El que los aviones vayan por rutas que no tienen nada que ver con lo previsto causa muchos problemas: se meten en sectores por los que no deberían pasar, obligan a multitud de coordinaciones y hacen complicada la labor de mantener la separación reglamentaria entre aviones al mismo nivel porque no se puede prever por cuánto tiempo el avión mantendrá la misma trayectoria. En las proximidades de los aeropuertos la cosa es aún peor porque los aviones vuelan cerca del terreno, si la nube se desplaza por el camino a la pista no se puede intentar aterrizar, todos empiezan a dar vueltas, no siempre pueden hacerlo en el sitio designado para ello… pero este panorama ya lo describí en Los atascos del cielo.

Meterse en un cumulonimbo no es buena idea. En la imagen adjunta, que he tomado de Wikipedia, se ve cómo se desarrollan las nubes de este tipo. Al principio hay corrientes ascendentes de aire caliente que van inyectando humedad en zonas altas. Llega un momento en que la nube ya no consigue crecer más y se extiende, en su parte superior, hacia los lados, lo que le da una forma de yunque. En esa zona alta el agua forma trozos de hielo cada vez mayores, hasta que su peso es demasiado como para aguantar allí arriba por mucha corriente ascendente que haya: empieza la precipitación, provocando que haya granizo cayendo dentro de la nube y arrastrando, en su descenso, aire frío de la parte alta.
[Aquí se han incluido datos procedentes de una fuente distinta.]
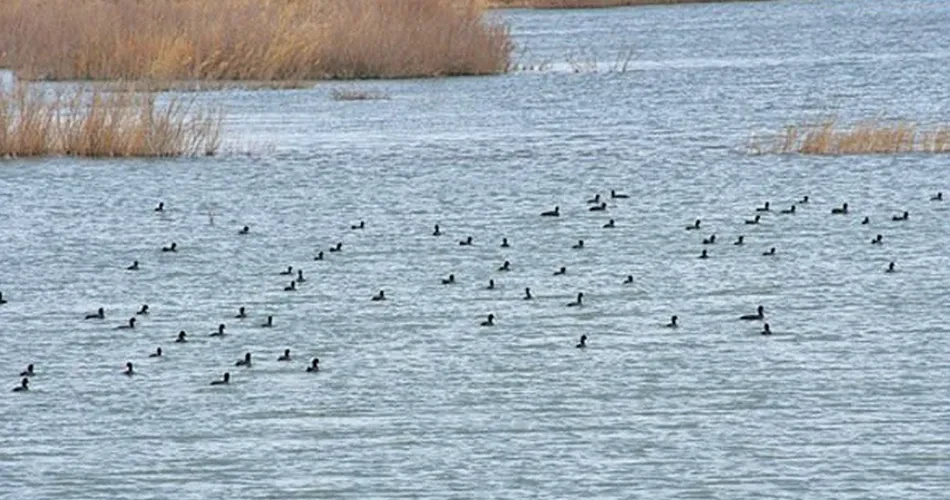 منطقه حفاظت شده سیر خون خواف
El resumen es que dentro de la nube tenemos corrientes de aire cálido que suben y corrientes de aire frío que bajan: aire moviéndose por todos lados, que es tanto como decir una turbulencia de aquí te espero. El aire que baja viene acompañado de hielo, es decir de granizo si cae en trozos de cierto tamaño, de nieve si los cristales de hielo son más pequeños y de agua si el hielo se ha fundido, que es lo normal al llegar a la parte baja de la nube, donde hace más calor. Turbulencia severa, granizo y, para remate, algún que otro rayo: el peor de los lugares para encontrarse dentro de un avión.

En la fase final  de desarrollo del cumulonimbo sólo quedan corrientes descendentes, lo que no quiere decir que haya pasado el peligro, porque estar a punto de aterrizar en un aeropuerto y encontrarse de golpe con un chorro de aire que te empuja bruscamente hacia el suelo no debe de ser una experiencia agradable.
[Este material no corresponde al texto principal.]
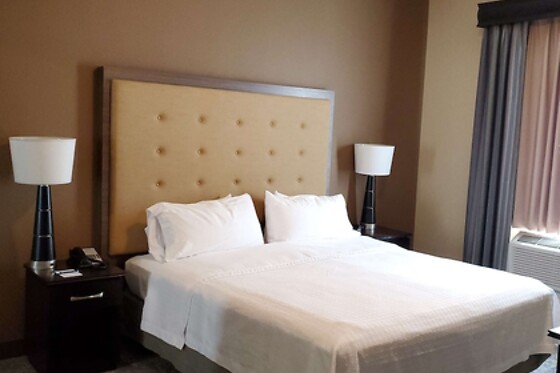 Online Booking EPS - photo 3
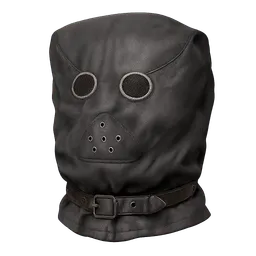 Transparent PNG of the GTA V item headbag_4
¿Y cómo sabemos tanto de lo que ocurre ahí dentro? Porque a nadie se le habrá ocurrido meterse en un cumulonimbo para ver qué pasa en su interior, ¿verdad? Pues… precisamente es así cómo se recopilaron los datos que llevaron a desarrollar el modelo que acabamos de ver. Fue la parte más arriesgada del Proyecto Tormenta (The Thunderstorm Project), que tuvo lugar hace exactamente 70 años, en el verano de 1947 en Ohio. Bueno, también en Florida en el verano de 1946, pero suena mejor un número redondo.

El proyecto fue iniciativa del Congreso de los Estados Unidos, y rápidamente fue aprobado por el Senado, donde posiblemente recordaban que el senador Ernest Lundeen, de Minnesota, había muerto junto a otras 24 personas en un DC-3 que se encontró con una tormenta en 1940. No fue el único accidente de ese tipo en aquellos años, así que en 1946, con la guerra recién terminada, el servicio meteorológico norteamericano se puso a trabajar en el asunto. Seguramente con ganas, puesto que su director ya tenía un interés previo en la influencia de las tormentas en el vuelo de globos y dirigibles. Sobre todo desde que en 1923 no pudo evitar verse envuelto en una tormenta durante una competición aerostática. Por cierto, acabó siendo arrastrado tan lejos que ganó el segundo premio.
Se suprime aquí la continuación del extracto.